Baked Beans Recipe With Ground Beef
Ingredients
Instructions
- Preheat your oven to 350°F (175°C).
- Heat a large oven-safe skillet or Dutch oven over medium heat. Add the chopped bacon and cook until crisp and the fat has rendered, about 6–8 minutes. Transfer the bacon to a plate and leave about 1 tablespoon of fat in the pan.
- Add the ground beef to the same pan. Break it up with a spoon and cook until browned and no longer pink, about 6–8 minutes. Season lightly with salt and pepper, then drain off any excess fat if needed, leaving about 1 tablespoon in the pan.
- Add the diced onion and green bell pepper to the pan with the cooked beef. Cook over medium heat until the vegetables soften and start to caramelize around the edges, about 5–7 minutes. Stir in the minced garlic and cook for 1 minute more, just until fragrant.

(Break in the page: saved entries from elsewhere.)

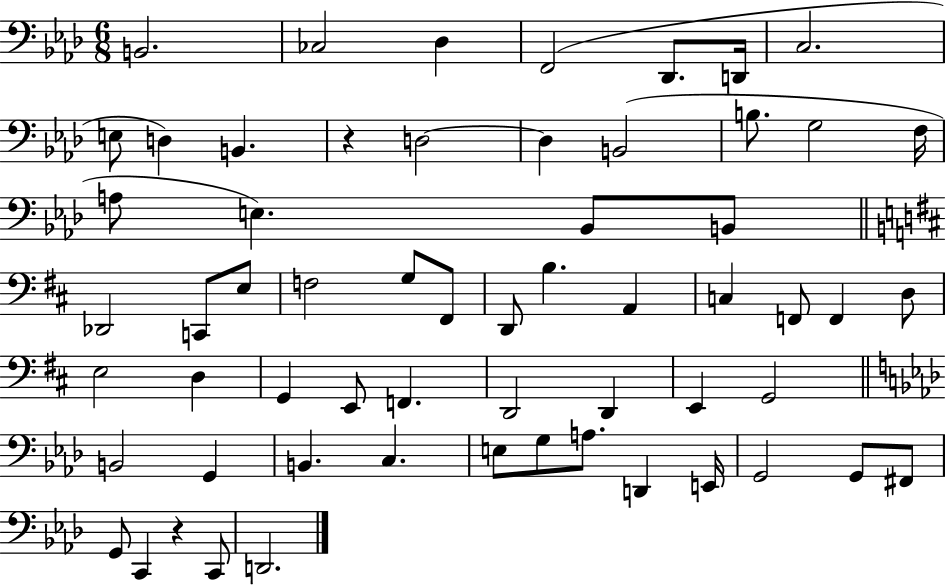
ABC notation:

X:1
T:Untitled
M:6/8
L:1/4
K:Ab
B,,2 _C,2 _D, F,,2 _D,,/2 D,,/4 C,2 E,/2 D, B,, z D,2 D, B,,2 B,/2 G,2 F,/4 A,/2 E, _B,,/2 B,,/2 _D,,2 C,,/2 E,/2 F,2 G,/2 ^F,,/2 D,,/2 B, A,, C, F,,/2 F,, D,/2 E,2 D, G,, E,,/2 F,, D,,2 D,, E,, G,,2 B,,2 G,, B,, C, E,/2 G,/2 A,/2 D,, E,,/4 G,,2 G,,/2 ^F,,/2 G,,/2 C,, z C,,/2 D,,2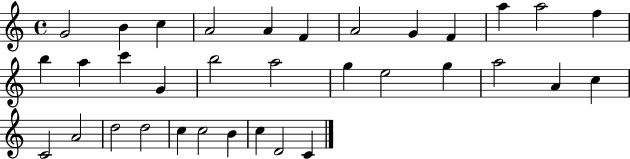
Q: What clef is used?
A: treble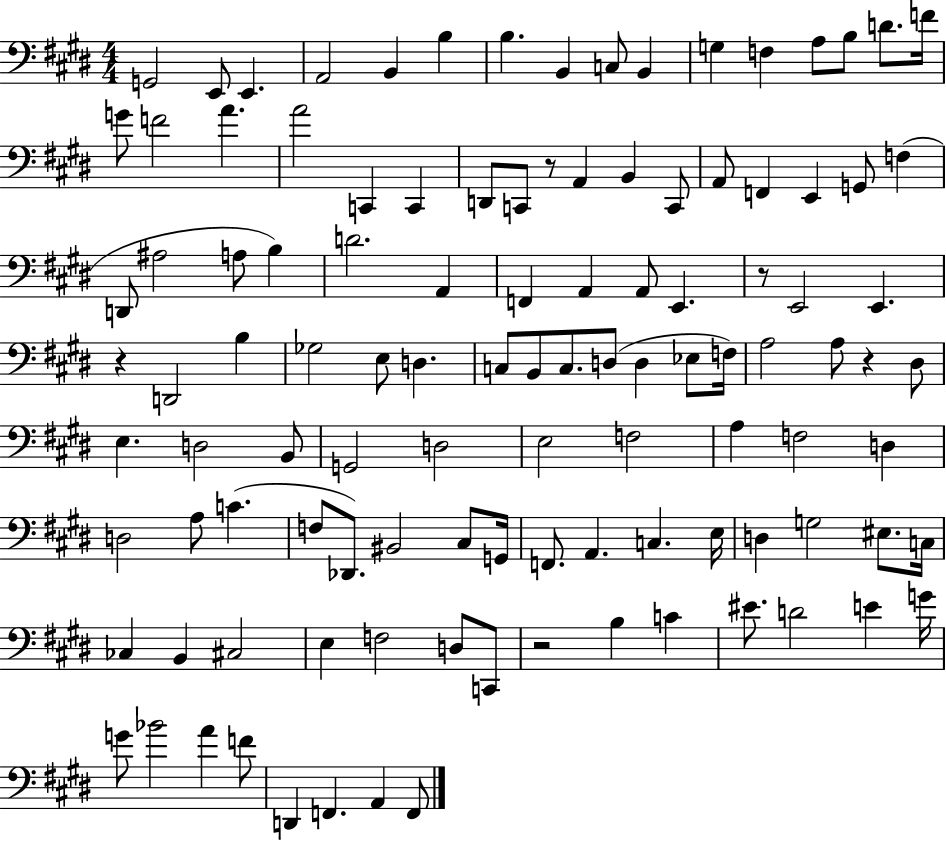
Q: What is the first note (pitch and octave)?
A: G2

- In a medium bowl, whisk together the ketchup, barbecue sauce, mustard, brown sugar, molasses, Worcestershire sauce, liquid smoke, smoked paprika, chili powder, black pepper, and salt. Taste and adjust the sweetness or tang to your preference.
- Pour the canned baked beans with their sauce into the pan with the beef and vegetables. Add the drained kidney or pinto beans and the cooked bacon. Pour the sauce mixture over everything and stir gently until the beans, meat, and sauce are evenly combined, scraping up any browned bits from the bottom of the pan.
- Transfer the skillet or Dutch oven to the preheated oven and bake uncovered for 35–45 minutes, until the beans are bubbling around the edges and the sauce has thickened. If the top browns too quickly, tent loosely with foil and continue baking.
- Remove the baked beans from the oven and let them rest for 10–15 minutes so the sauce can thicken and cling to the beans. Taste and adjust the seasoning with a little more salt or barbecue sauce if desired before serving.
Notes
Approximate per serving (about 1 cup, 10 servings total): 420 calories; fat 17 g; saturated fat 6 g; carbohydrates 49 g; fiber 9 g; sugars 22 g; protein 20 g; sodium 980 mg. Values will vary based on specific brands, exact amounts of sugar and sauce used, and portion size.